» **INFORMATION SHOWN**:
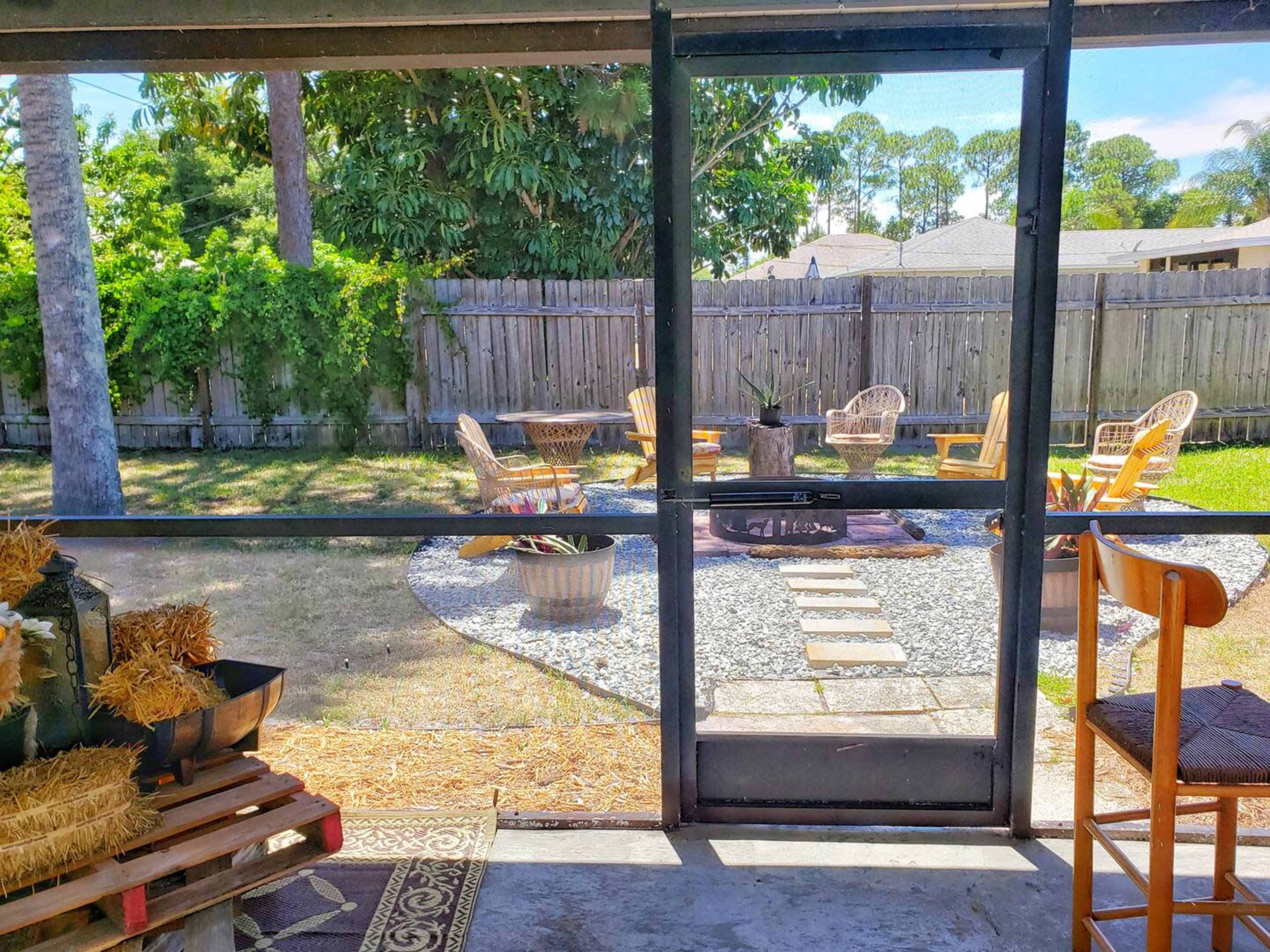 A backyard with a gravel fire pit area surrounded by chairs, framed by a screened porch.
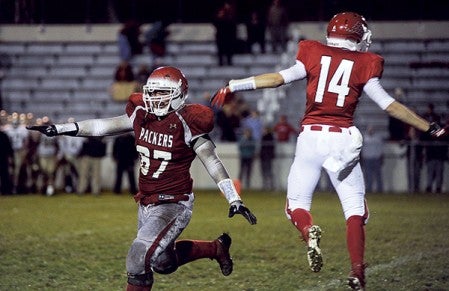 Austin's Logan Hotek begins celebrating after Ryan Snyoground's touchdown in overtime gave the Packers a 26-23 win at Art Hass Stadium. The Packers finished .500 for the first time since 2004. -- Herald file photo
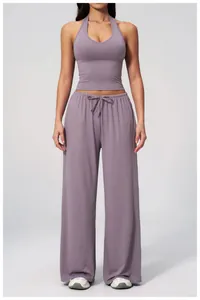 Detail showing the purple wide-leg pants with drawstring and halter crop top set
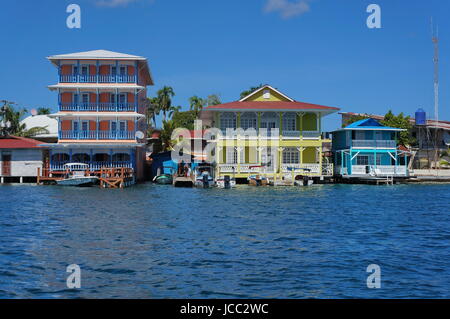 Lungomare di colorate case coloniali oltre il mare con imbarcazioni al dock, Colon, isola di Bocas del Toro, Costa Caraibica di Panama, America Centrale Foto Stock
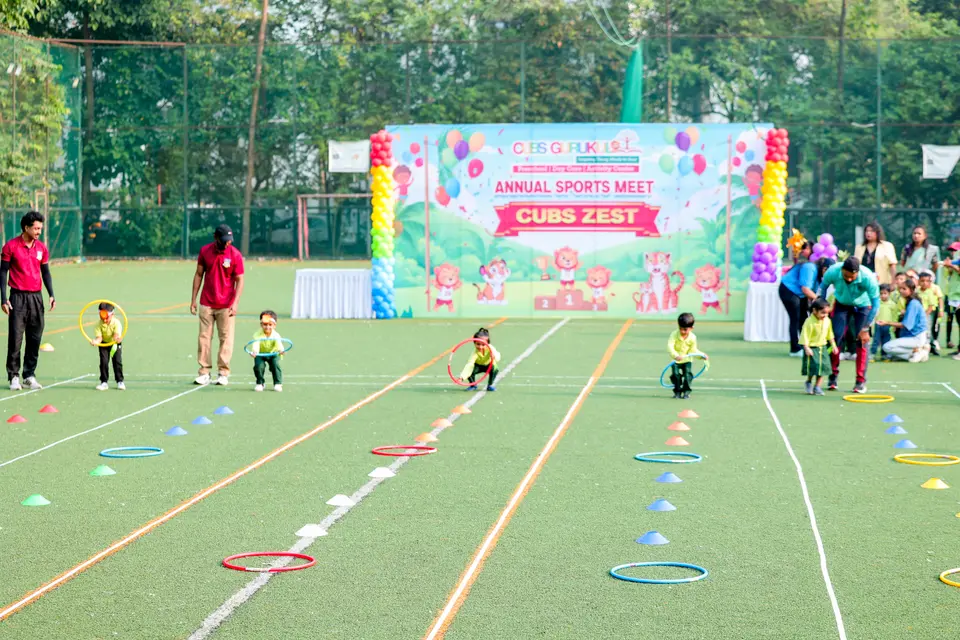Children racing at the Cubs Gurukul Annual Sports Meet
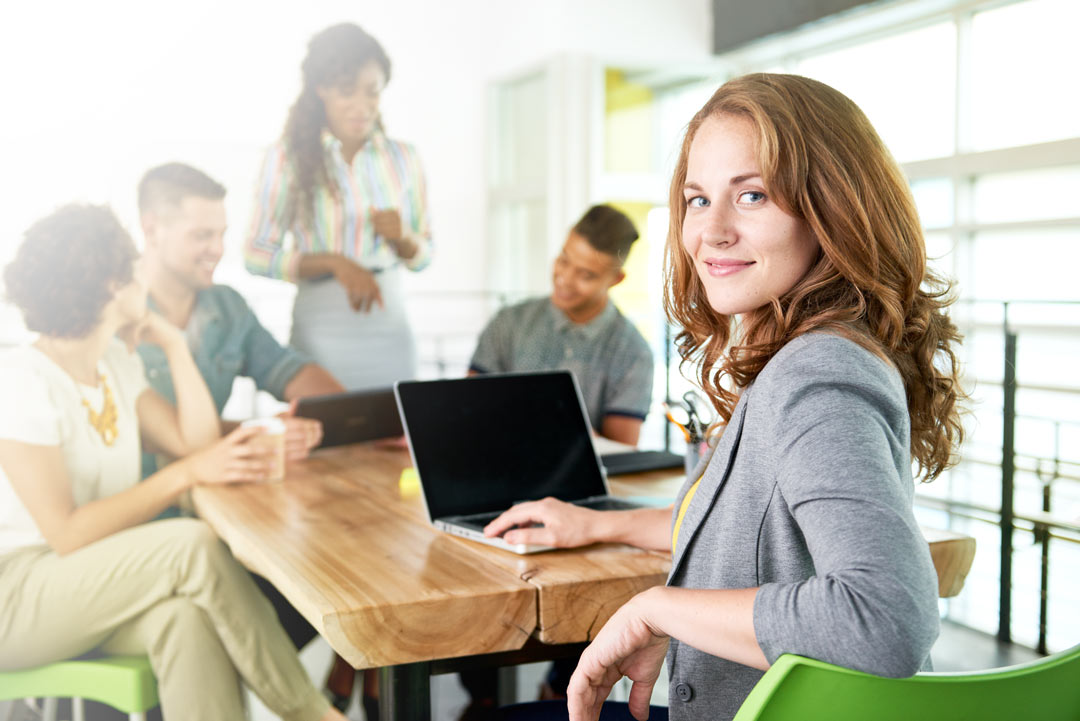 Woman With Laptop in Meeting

» **EXERCISE INSTRUCTIONS**: Keeping every word as it is, write out all the data and omit the pictures.

» **SOLUTION FOR THIS PROBLEM**:
 A backyard with a gravel fire pit area surrounded by chairs, framed by a screened porch.
 Austin's Logan Hotek begins celebrating after Ryan Snyoground's touchdown in overtime gave the Packers a 26-23 win at Art Hass Stadium. The Packers finished .500 for the first time since 2004. -- Herald file photo
 Detail showing the purple wide-leg pants with drawstring and halter crop top set
 Lungomare di colorate case coloniali oltre il mare con imbarcazioni al dock, Colon, isola di Bocas del Toro, Costa Caraibica di Panama, America Centrale Foto Stock
Children racing at the Cubs Gurukul Annual Sports Meet
 Woman With Laptop in Meeting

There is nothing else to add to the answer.